Once we have rectangles in hand, the next step is to match rectangles, and then to do the math to determine distance. This is not as straightforward as it seems, because rectangles overlap, are not of the same size (but are of similar sizes) in the two images, there’s multiple possible matches, etc. What I did was use a bit of probability in order to determine which rectangles are the best matches for one another. Basically I scored the rectangles on how well they match one another, and then ran a LINQ query to determine the best matches, and bind these to one another.  The rectangles are scored on several criteria, such as how similar their areas are, how similar their widths and heights are, and so forth. Each score is a value between 0 and 1, inclusive, which I then add together to come up with a final score. This final score is obviously not in the range of 0 to 1, and therefore isn’t strictly in the realm of what we would classically think of probability, but, it does bubble up the highest ranking match to the top, which is what we need. Also note – this type of probabilistic reasoning, where instead of strict Boolean values we have ranges from 0 to 1, is a beginning point into fuzzy logic and how fuzzy reasoning works. In essence we are using a bit of fuzzy logic to match the rectangles – and using LINQ to do it! To see how all this works, check out the GetSimilarRectangles() and GetBestMatch() methods in MainForm.cs. There you will see LINQ queries to determine what the rank of matches are and how to get the top match. Look in GetNearScore() to see where the probabilistic logic takes place – and where I strayed from it! (For instance, the result of subtracting the abs() of the two y values is out of range for a canonically fuzzy value). You will also see some code that is commented out in there.  While those work well, I have found that the ones I left in are adequate and in general provide good results. The others I left in by way of example.

Doing the Math

From here, what we need to do is some crunching of numbers. The code that does this is in GetDistanceInfo(). An example of the kind of calculation we want to do can be found here. Basically what it does is calculate distance and angle, using the difference between the x values of the two rectangles, and the distance that those two rectangles are from the center line of one of our images. This gives us polar coordinates, with the cameras placed at the origin point. From there, we can manipulate the data as we please, for example plotting locations on a Cartesian graph (which is essentially what the example is doing). The calculation itself uses the disparity between the two objects (the perceived  x distance between them),the camera’s angle of view, and the camera’s focal length to determine polar coordinates for the perceived object. A discussion of this can be found here. From here, by way of example, I display the values on a graphic that looks like a radar screen.

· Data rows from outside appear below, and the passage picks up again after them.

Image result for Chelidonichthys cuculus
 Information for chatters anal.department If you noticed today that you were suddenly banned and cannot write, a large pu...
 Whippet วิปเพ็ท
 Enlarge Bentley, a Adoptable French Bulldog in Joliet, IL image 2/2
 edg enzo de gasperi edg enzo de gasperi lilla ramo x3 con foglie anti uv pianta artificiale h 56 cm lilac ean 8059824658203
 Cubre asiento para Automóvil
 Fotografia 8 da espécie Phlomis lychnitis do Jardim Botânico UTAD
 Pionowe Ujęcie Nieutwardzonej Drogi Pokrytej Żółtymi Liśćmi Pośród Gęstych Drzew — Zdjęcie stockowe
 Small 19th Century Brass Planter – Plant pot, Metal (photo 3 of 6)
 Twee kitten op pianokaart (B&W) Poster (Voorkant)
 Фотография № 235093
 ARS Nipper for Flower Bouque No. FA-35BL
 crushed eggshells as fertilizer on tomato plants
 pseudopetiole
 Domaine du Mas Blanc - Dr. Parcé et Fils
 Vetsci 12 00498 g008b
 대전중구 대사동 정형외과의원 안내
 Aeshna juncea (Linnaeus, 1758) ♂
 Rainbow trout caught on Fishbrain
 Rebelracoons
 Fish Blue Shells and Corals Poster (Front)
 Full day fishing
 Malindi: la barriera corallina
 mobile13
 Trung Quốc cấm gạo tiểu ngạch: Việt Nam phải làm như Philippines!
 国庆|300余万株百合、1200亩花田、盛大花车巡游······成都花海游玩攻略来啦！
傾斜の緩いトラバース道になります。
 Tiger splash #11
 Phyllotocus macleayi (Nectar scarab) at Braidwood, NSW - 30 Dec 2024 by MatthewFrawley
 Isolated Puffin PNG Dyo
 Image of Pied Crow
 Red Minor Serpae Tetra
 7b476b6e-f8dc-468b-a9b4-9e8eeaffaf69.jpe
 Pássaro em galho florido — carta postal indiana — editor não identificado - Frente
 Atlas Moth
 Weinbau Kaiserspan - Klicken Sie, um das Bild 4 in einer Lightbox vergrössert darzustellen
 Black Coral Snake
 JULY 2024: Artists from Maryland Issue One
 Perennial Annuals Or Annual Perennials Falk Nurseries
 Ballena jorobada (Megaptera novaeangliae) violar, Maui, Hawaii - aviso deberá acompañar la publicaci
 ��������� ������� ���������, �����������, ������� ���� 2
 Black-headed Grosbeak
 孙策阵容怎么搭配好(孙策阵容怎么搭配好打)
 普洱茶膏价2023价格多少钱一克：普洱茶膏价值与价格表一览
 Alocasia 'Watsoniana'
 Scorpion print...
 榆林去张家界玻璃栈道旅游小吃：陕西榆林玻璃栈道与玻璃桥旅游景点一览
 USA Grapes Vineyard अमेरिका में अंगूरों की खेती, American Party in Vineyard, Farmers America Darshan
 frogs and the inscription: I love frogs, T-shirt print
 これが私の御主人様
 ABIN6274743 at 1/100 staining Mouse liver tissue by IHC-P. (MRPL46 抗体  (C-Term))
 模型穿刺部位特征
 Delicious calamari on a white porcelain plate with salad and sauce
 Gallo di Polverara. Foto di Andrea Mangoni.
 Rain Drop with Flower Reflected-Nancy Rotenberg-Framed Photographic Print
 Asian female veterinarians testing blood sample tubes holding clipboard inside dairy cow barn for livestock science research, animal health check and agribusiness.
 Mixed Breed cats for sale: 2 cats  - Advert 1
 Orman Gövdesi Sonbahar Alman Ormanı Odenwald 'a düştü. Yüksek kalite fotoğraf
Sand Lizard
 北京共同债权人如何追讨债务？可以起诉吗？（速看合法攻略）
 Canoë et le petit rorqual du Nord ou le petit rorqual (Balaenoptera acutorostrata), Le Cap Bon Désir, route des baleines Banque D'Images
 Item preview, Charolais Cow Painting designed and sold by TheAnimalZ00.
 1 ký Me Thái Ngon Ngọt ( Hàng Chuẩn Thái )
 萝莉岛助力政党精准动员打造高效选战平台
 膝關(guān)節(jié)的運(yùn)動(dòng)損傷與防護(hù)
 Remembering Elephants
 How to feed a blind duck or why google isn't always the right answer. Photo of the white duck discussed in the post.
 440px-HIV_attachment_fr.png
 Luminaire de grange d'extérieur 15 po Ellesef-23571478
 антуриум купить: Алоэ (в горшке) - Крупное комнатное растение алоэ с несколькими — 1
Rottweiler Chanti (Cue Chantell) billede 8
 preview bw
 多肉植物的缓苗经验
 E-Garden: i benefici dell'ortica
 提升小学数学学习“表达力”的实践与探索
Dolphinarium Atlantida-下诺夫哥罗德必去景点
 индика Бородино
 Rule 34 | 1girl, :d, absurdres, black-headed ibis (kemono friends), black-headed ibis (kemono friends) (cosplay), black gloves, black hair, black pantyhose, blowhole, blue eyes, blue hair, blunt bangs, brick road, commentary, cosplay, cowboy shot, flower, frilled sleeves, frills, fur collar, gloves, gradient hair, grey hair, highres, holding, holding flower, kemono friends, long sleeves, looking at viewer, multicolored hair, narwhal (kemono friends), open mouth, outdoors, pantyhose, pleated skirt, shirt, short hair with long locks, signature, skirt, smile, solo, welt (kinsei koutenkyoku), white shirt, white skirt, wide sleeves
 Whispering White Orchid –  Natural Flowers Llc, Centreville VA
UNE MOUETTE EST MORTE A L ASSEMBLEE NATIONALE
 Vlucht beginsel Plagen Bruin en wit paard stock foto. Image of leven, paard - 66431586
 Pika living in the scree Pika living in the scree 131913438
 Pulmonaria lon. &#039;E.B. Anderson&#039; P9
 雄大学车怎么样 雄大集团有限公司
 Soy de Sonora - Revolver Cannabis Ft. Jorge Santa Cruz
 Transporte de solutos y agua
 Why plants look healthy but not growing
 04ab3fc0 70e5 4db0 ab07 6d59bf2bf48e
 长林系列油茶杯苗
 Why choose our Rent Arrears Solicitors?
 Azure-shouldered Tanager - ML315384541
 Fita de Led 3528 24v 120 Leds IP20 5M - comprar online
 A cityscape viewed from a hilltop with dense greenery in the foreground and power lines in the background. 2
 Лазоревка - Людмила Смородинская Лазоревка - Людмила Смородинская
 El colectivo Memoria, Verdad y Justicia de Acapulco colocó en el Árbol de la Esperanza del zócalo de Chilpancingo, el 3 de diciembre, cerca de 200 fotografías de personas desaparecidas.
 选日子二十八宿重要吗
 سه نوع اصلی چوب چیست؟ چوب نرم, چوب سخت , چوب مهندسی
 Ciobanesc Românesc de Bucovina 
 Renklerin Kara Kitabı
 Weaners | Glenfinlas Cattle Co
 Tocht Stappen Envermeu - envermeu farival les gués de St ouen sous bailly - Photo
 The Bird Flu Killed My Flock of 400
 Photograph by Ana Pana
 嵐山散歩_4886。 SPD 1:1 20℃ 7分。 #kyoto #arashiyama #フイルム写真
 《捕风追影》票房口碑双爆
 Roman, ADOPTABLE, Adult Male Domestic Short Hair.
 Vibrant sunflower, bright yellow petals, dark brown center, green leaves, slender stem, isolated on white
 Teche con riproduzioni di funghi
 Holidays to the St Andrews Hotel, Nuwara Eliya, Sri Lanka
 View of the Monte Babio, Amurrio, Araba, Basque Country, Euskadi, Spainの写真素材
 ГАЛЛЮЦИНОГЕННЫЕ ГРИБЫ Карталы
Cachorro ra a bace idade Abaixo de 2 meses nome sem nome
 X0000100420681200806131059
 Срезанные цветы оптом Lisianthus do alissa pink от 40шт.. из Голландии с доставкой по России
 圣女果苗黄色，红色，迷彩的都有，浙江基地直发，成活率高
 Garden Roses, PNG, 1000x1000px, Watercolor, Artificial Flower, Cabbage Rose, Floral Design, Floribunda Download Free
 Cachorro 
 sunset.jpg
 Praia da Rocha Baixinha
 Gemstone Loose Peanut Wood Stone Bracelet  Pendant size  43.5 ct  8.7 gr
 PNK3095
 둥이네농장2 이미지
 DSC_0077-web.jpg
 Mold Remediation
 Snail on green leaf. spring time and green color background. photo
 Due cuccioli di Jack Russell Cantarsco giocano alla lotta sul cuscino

Other interesting things I found along the way

Iplab_demo is an interesting example of the image processing capabilities of the AForge.Net library. It was very useful in determining what filter sequences worked well in the blob-finding process.

XDMessaging is a library which uses the windows message pump to communicate between processes/AppDomains on a single machine. It requires no setup and is relatively performant. I’m using it in the non-demo version of this code to communicate the vision info back to a consuming application.

An interesting and easy to digest page on stereopsis can be found here.

But most of all The Ants! You gotta check out the ants.

The Code

To play with the code for this blog post, download it here. While it is a demo and should work fine standalone, please consider it to be a work in progress. There are many things in it that could be improved upon. Also I used many references and examples to get this together. All cites and references should be intact in this document and in the code. If I missed anyone, please let me know and I will add ex post haste. Enjoy!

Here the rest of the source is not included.